** WHAT IS NEEDED **
For the entries that follow, produce an exact copy with no pictures in it.

——

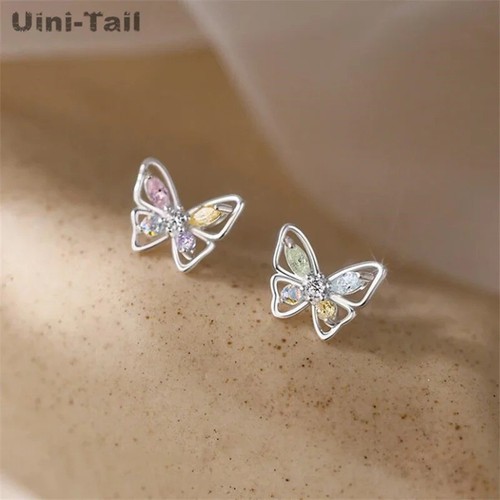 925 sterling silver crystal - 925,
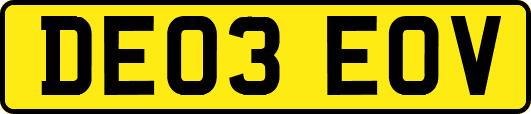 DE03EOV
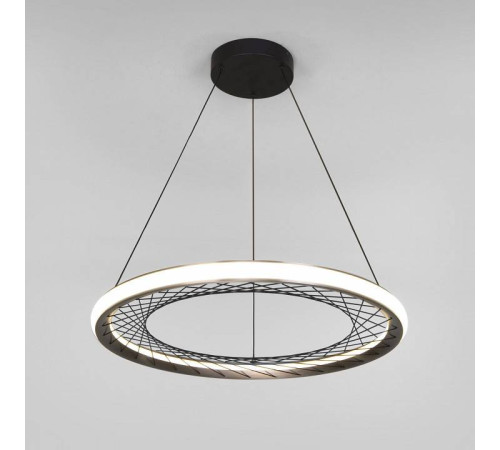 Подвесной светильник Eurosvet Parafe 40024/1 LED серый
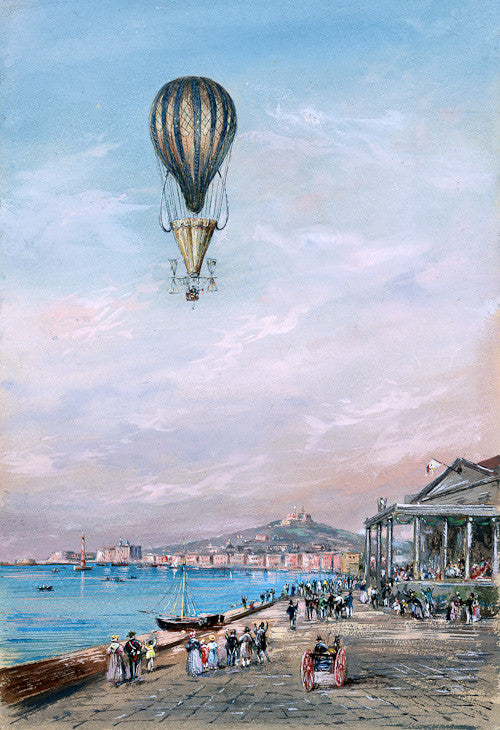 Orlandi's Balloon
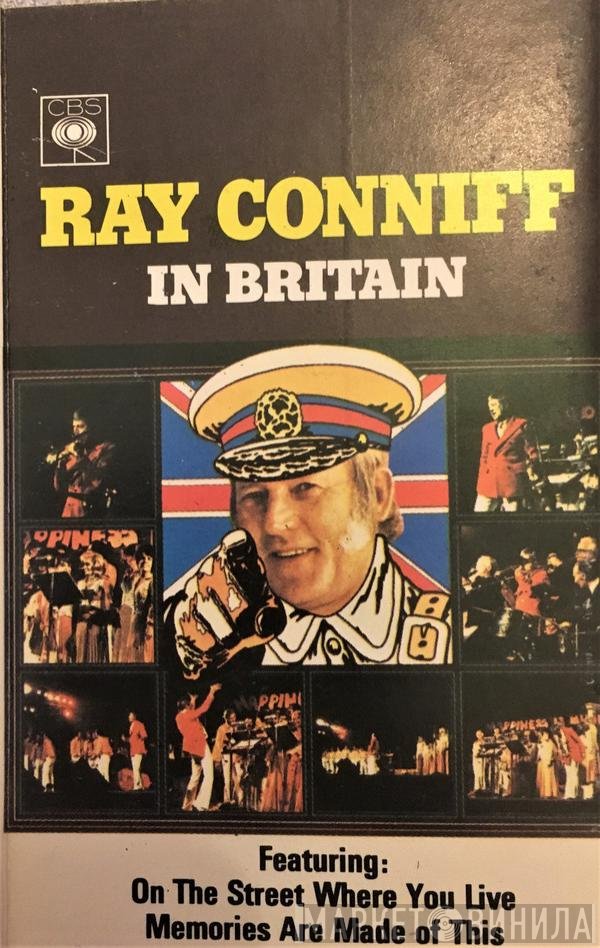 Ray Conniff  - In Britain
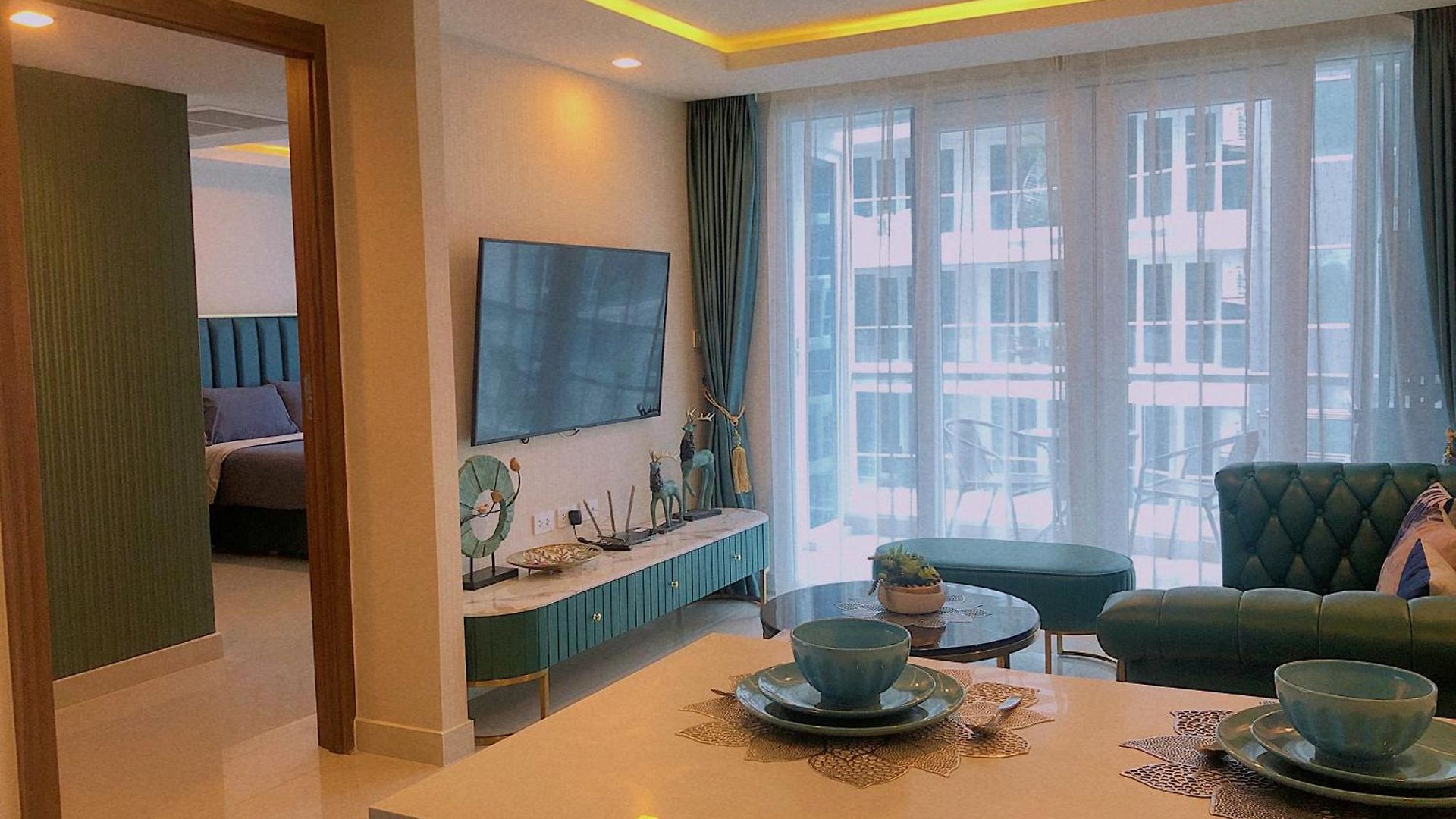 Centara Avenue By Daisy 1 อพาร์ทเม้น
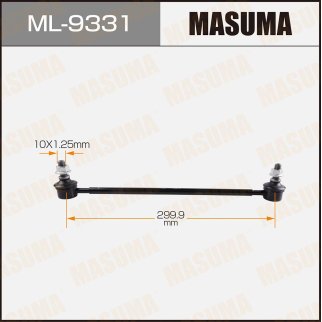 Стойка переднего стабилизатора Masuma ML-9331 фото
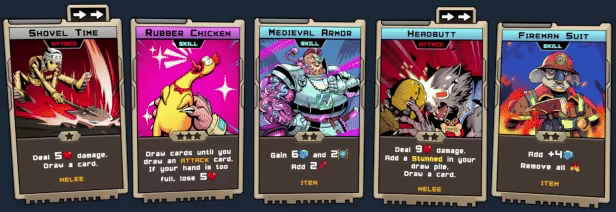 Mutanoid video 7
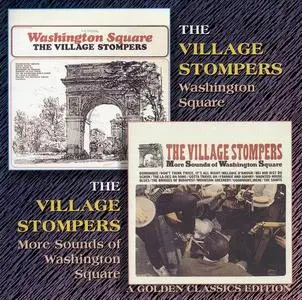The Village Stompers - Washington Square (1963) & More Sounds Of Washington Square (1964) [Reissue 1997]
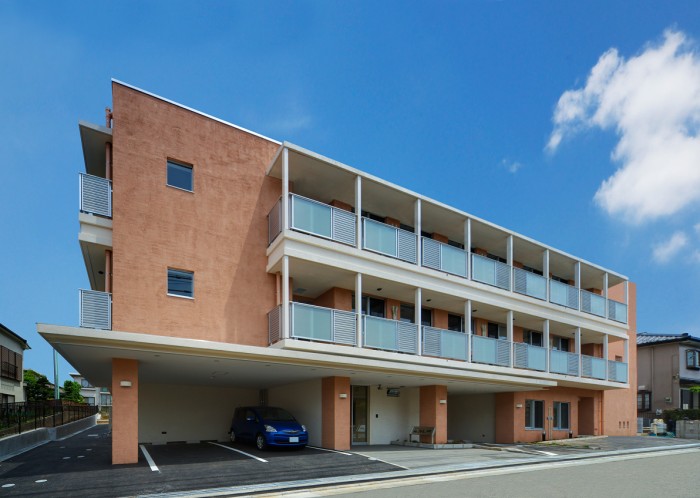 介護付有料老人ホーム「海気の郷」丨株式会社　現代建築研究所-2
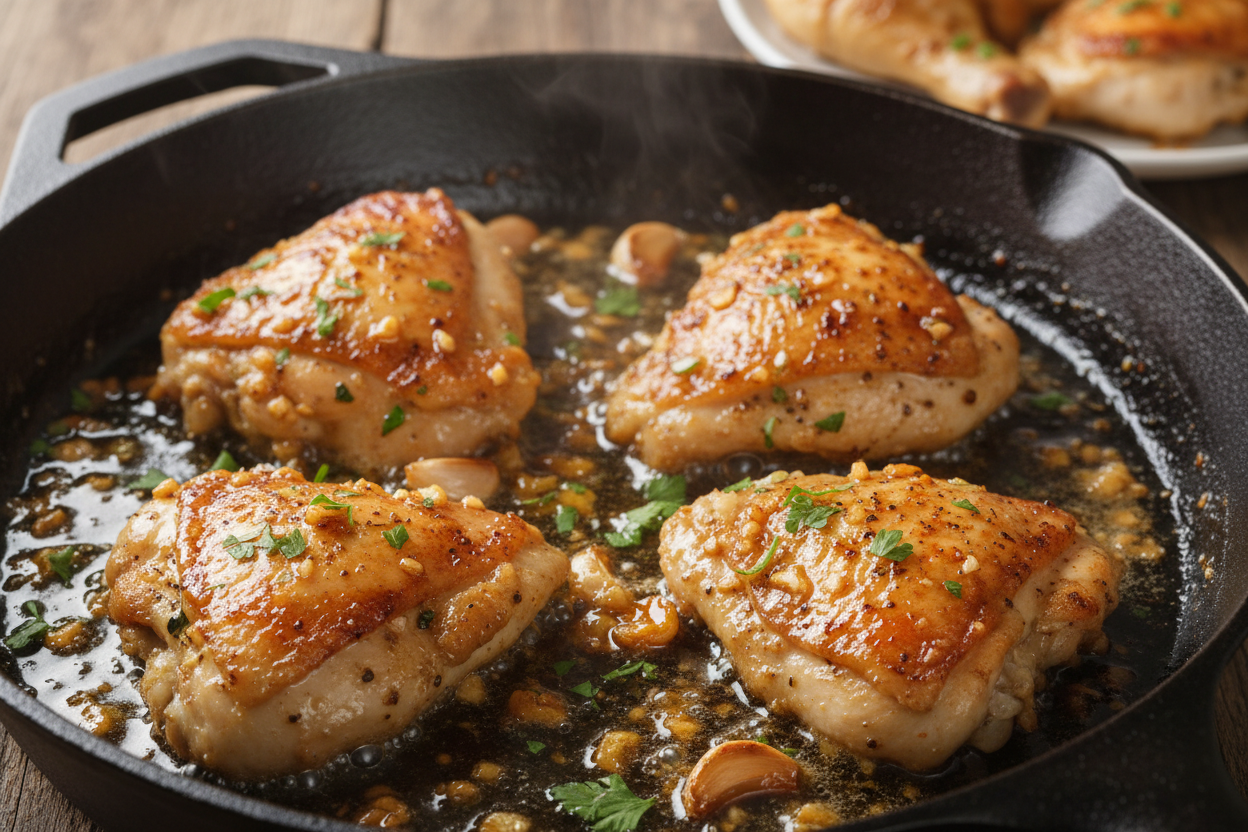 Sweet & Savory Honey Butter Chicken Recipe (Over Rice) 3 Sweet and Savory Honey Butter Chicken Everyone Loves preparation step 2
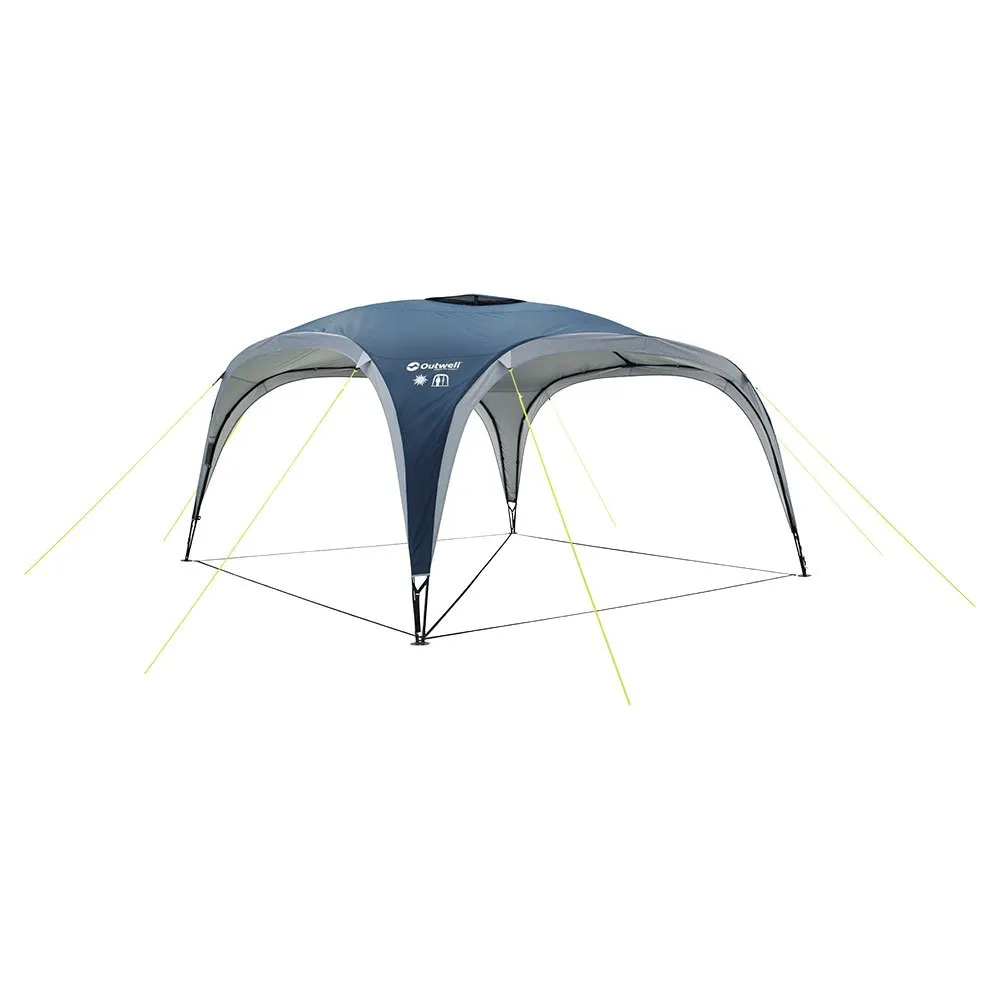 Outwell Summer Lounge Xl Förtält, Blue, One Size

——

** ANSWER SECTION **
 925 sterling silver crystal - 925,
 DE03EOV
 Подвесной светильник Eurosvet Parafe 40024/1 LED серый
 Orlandi's Balloon
 Ray Conniff  - In Britain
 Centara Avenue By Daisy 1 อพาร์ทเม้น
 Стойка переднего стабилизатора Masuma ML-9331 фото
 Mutanoid video 7
The Village Stompers - Washington Square (1963) & More Sounds Of Washington Square (1964) [Reissue 1997]
 介護付有料老人ホーム「海気の郷」丨株式会社　現代建築研究所-2
 Sweet & Savory Honey Butter Chicken Recipe (Over Rice) 3 Sweet and Savory Honey Butter Chicken Everyone Loves preparation step 2
 Outwell Summer Lounge Xl Förtält, Blue, One Size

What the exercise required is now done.